A histogram is a bar chart of a frequency distribution. As used in photography, a histogram shows the distribution of the brightness levels or tonalities in a scene or image, from the darkest black to the brightest white that can be recorded on the sensor of a digital camera. Here is an example:

Across the bottom of the chart we have the “x axis” running from zero (no signal) at the left (utter blackness) to pure whiteness at the right, usually represented by the value 255. This is the maximum value that can be contained in each “8-bit” color channel of a JPG image, and corresponds to the binary value 1111 1111.

The height of each bar (actually just a thin line) in the histogram is proportional to the number of pixels having the tonality of the bar’s position along the x-axis, that is, the frequency of occurrence of that tonality in the image.

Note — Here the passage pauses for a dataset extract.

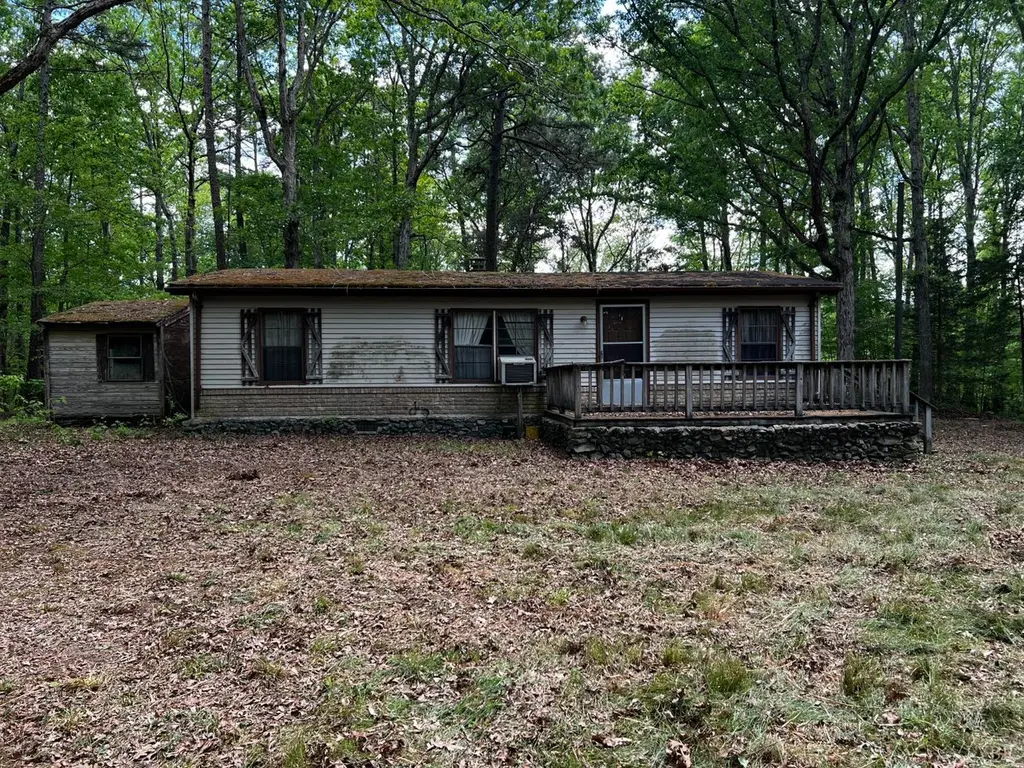 1162 Macdonald Rd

In the histogram shown above, there is no bar at the zero point at the left end of the x-axis, which tells us that all the pixels were at least a tiny bit brighter than totally black. It is usually desirable to have the entire histogram within the range of the x-axis. When the histogram is bunched up at the left or right end of chart, it strongly suggests that some areas of the image are actually off the end of the chart – they have been totally under- or over-exposed. The histogram is said to be “clipped”. This is somewhat the case at the right end of the example given. It is also possible, however, that the photographer chose to overexpose this rather small number of pixels – perhaps they correspond to bright white lights or specular reflections in the image. What you need to avoid is a serious clumping of large numbers of pixels at one or both ends, because this suggests that many tonalities were outside the recordable brightness range with the exposure given.

With a single exposure, of course, if the brightness range of your scene exceeds the dynamic range of your film or sensor, then you have to sacrifice one end of the tonal range or the other, or even both, to a lesser degree. In such cases (with an immobile subject), you could elect to make multiple captures at different exposures to cover the entire brightness range of the scene, and then combine the resulting images in post-processing. To a limited extent, you may be able to achieve a similar result from a single RAW capture using two or more different brightness settings for conversion, then combining these multiple images in post.

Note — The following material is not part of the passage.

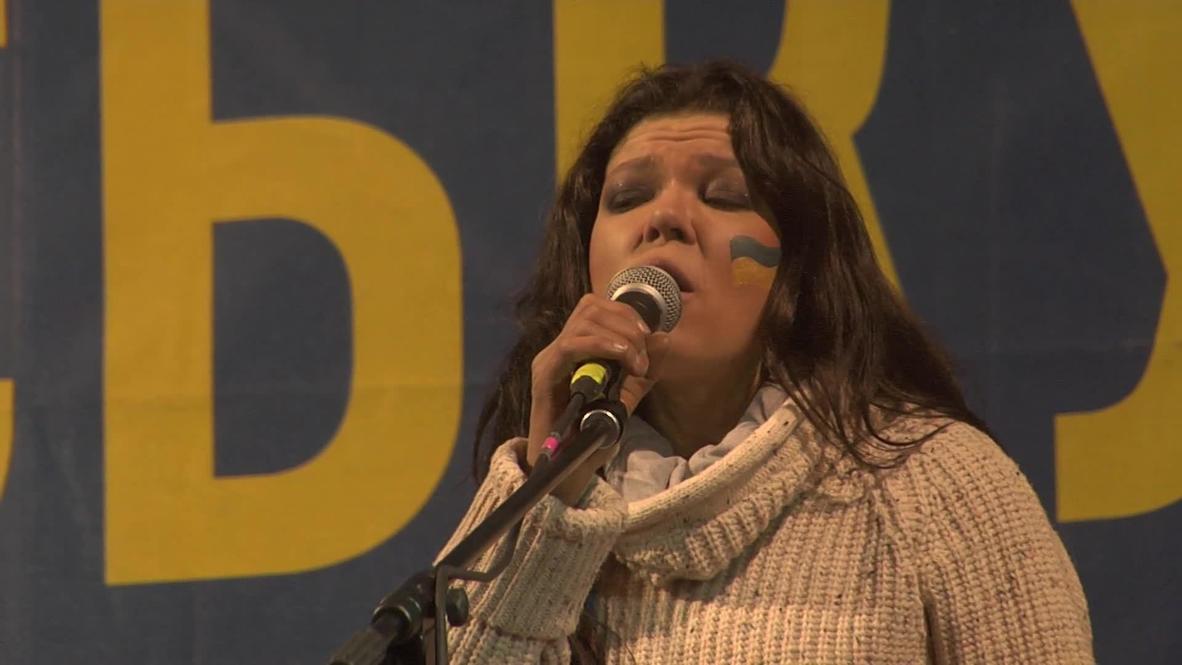Ukraine: Eurovision winner Ruslana serenades protesters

Histograms shown on digital cameras do actually represent the tonal distribution of the JPG image according to the current camera settings (contrast, color saturation etc). If you are shooting in RAW, then you will need to convert to your working format (16-bit TIFF, for example) using the exact same settings if you want to obtain the same histogram, but there is no reason why you should, and you are entirely free to use different settings for conversion if you wish, and you usually will. For the camera histogram to match the potential of a RAW image as well as possible, set the camera contrast at its minimum, and select the largest color space the camera supports. For DSLR cameras, this will usually be “Adobe RGB”.

You can think of the histogram display of your camera as a sophisticated light-meter, that gives you are spot reading for every pixel in your scene. If you can adjust your exposure so that the right end of the histogram as close as possible to the maximum brightness value at the right end of the x-axis (without clipping), you will capture the maximum possible amount of information for the best possible potential image quality. Of course, this exposure level may be too much for the subject rendition desired, so that you will then have to adjust in post-processing, but this approach will minimize the noise level in your image for whatever ISO setting you chose to use.

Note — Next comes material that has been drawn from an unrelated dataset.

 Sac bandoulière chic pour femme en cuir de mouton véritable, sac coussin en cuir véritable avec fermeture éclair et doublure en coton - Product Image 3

The bit-depth of RAW images, of course, is usually 12 bits or more, but these numbers are easily approximated in the 8-bit histogram by simply ignoring the least-significant bits. Any 12-bit value from 1111 1111 0000 to 1111 1111 1111 will be truncated to 1111 1111 0000, for example, and represented in 8 bits as 1111 1111. In the same way, 12- or 14-bit RAW values can be converted to the 16 bits per channel of your working format just by adding insignificant zeroes to the right. It is important to retain all the significant bits from your RAW files to maintain the best possible image quality during post-processing. That’s why we prefer to use 16-bit formats such as TIFF for our working files.

Some digital cameras can display histograms of each of the three color channels, rather than a single histogram of the overall brightness levels. This is extremely useful, as if clipping occurs in just one or two channels, the resulting highlight may display an unexpected colour cast in the image rather than the pure white suggested by a simple brightness chart.